MATERIAL FOR THIS TASK →
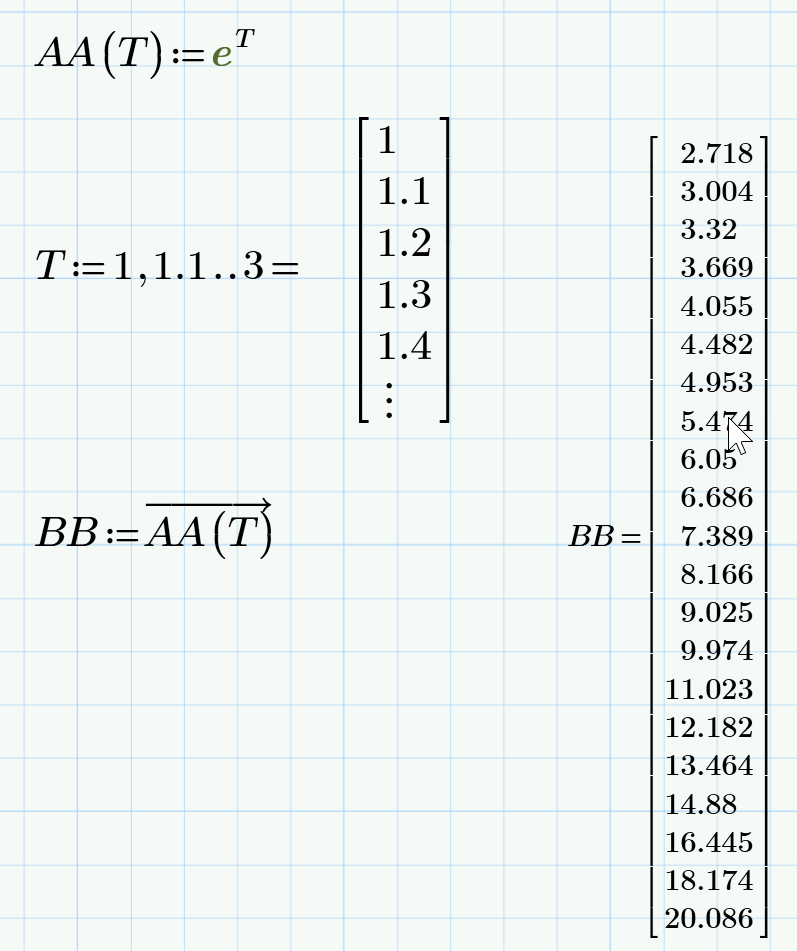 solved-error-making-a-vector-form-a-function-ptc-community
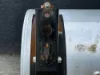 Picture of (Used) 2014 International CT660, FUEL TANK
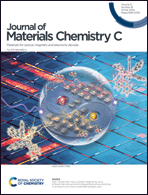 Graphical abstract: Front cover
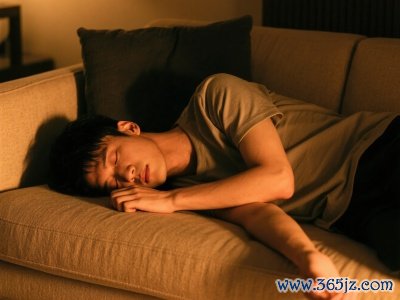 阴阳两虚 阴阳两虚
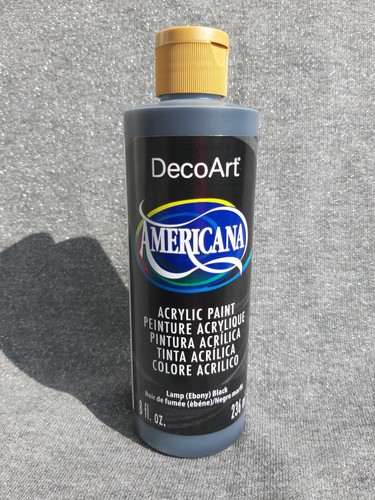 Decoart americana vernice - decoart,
--
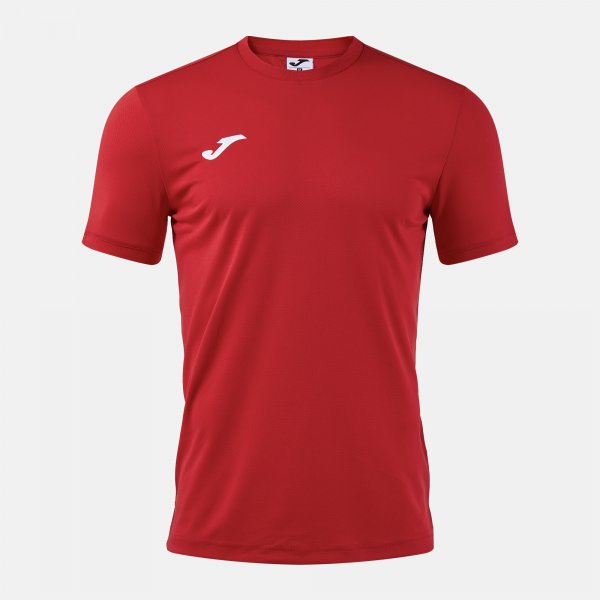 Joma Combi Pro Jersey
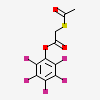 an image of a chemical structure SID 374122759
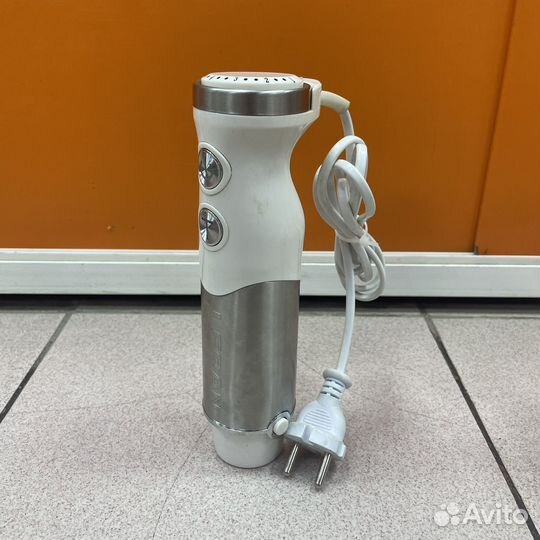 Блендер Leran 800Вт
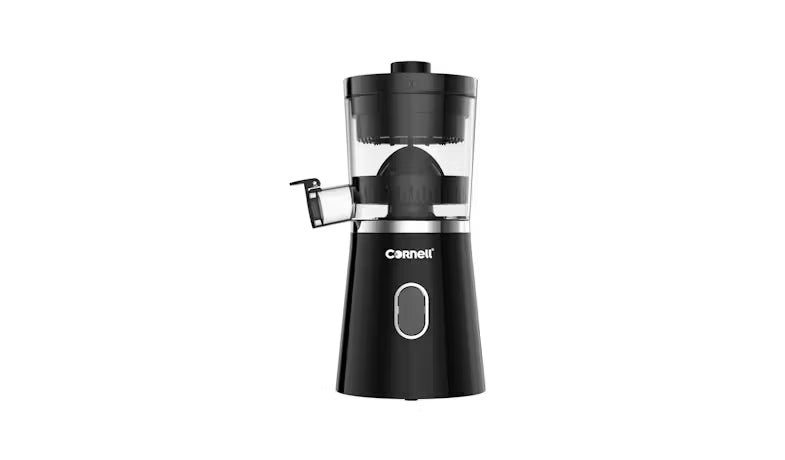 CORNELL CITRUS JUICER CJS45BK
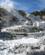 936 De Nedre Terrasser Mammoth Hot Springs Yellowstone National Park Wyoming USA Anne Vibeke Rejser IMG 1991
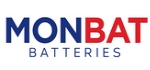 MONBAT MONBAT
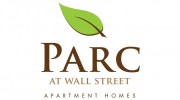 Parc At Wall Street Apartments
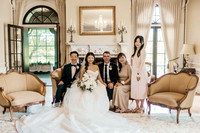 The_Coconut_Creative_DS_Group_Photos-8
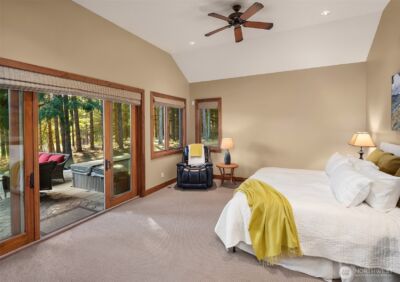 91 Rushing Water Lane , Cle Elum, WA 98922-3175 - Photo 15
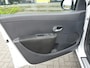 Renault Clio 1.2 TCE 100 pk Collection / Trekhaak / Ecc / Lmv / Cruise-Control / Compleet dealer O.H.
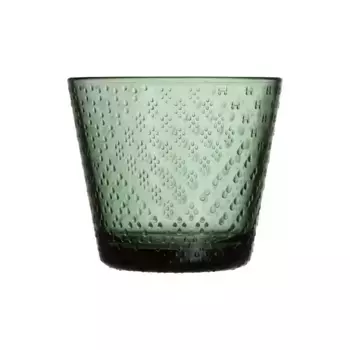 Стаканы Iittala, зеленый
...
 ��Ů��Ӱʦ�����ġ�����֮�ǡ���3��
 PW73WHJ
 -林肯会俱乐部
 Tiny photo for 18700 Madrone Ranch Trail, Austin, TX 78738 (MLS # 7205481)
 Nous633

TASK PROMPT →
In the records above, copy exactly everything from the line that has "Joma Combi Pro Jersey" down to the line that has "Стаканы Iittala, зеленый", both ends included, and leave out the pictures.

TASK RESULT →
 Joma Combi Pro Jersey
 an image of a chemical structure SID 374122759
 Блендер Leran 800Вт
 CORNELL CITRUS JUICER CJS45BK
 936 De Nedre Terrasser Mammoth Hot Springs Yellowstone National Park Wyoming USA Anne Vibeke Rejser IMG 1991
 MONBAT MONBAT
 Parc At Wall Street Apartments
 The_Coconut_Creative_DS_Group_Photos-8
 91 Rushing Water Lane , Cle Elum, WA 98922-3175 - Photo 15
 Renault Clio 1.2 TCE 100 pk Collection / Trekhaak / Ecc / Lmv / Cruise-Control / Compleet dealer O.H.
 Стаканы Iittala, зеленый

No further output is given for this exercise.